Animales conmigo también era, y es aquí, en Cariñena, tierra legendaria de vinos, la narración de los animales que Lina lleva dentro. El ciervo alude, y cito el Diccionario de símbolos de Juan Eduardo Cirlot, “al Árbol de la Vida, por la semejanza de la cornamenta con sus ramas arbóreas. También es símbolo de la renovación y crecimiento cíclicos”. Cirlot resalta su aspecto físico por “su belleza, su gracia, su agilidad”, y además es un animal claramente místico. Lina bien podría haber leído esta cita sobre el buitre: “…en la India, (…) el buitre aparece como símbolo de las fuerzas espirituales protectoras que sustituyen a los padres, siendo emblema de abnegación y consejo espiritual”.

Encuentro en el Diccionario de zoología en el mundo clásico, que preparó Fulgencio Martínez Saura, esta glosa de Plinio a propósito del zorro: “Según Plinio, en los países extranjeros dicen que el zorro interviene en los presagios, siendo un animal de tal sagacidad que en Tracia, durante el invierno, solo se cruzan los ríos helados por los lugares en que lo hacen estos animales, para ello, ponen su oreja sobre la superficie helada y detectan si la corriente está muy cerca o por el contrario está bajo una espesa capa de hielo, en cuyo caso se atreven a cruzar el río”. Y la traigo aquí por connivencia o proximidad con algo que presiento que está en estas obras: un aura glacial, una gelidez emotiva, un extrañamiento constante, una pugna por ser contra la escarcha de los elementos, contra los carámbanos del desamparo.

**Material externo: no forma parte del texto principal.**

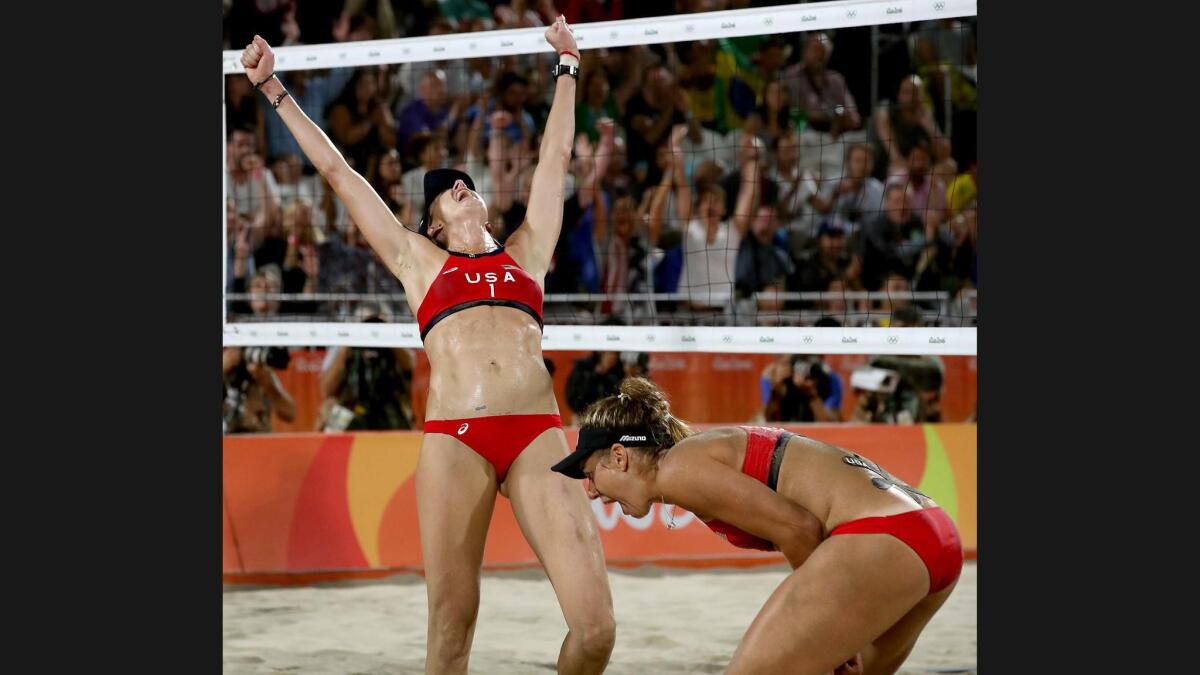 USA's Kerri Walsh Jennings, left, celebrates with partner April Ross after capturing the bronze medal during the women's beach volleyball match.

         Lina Vila habla de sus asuntos más permanentes: el sufrimiento, el dolor, la vecindad de la muerte, la imaginación y la fantasía, el cuerpo, el amor y la vida, la vida, sobre todo, que se derrama incontenible, intensa y misteriosa como una huella de felino. Si existe una pintura de sentimientos, está aquí y es ésta: la de Lina Vila, esa mujer a la intemperie de seda y hierro que se atreve a cruzar, entre bestias, el fuego y la nieve.

         Como un animal salvaje. Lina Vila. Museo del vino de Cariñena. Desde el 31 de agosto al 5 de octubre. La muestra y el catálogo rinden homenaje a Pedro Vila, padre de la artista que ha fallecido recientemente de cáncer. Pedro, empresario, poeta secreto y mecenas de mil y un proyectos, era un enamorado del Museo del Vino de Cariñena, era el que más le gustaba porque ahí, con sus piezas, veía la historia de un vida junto a los viñedos, a una vida entre sarmientos.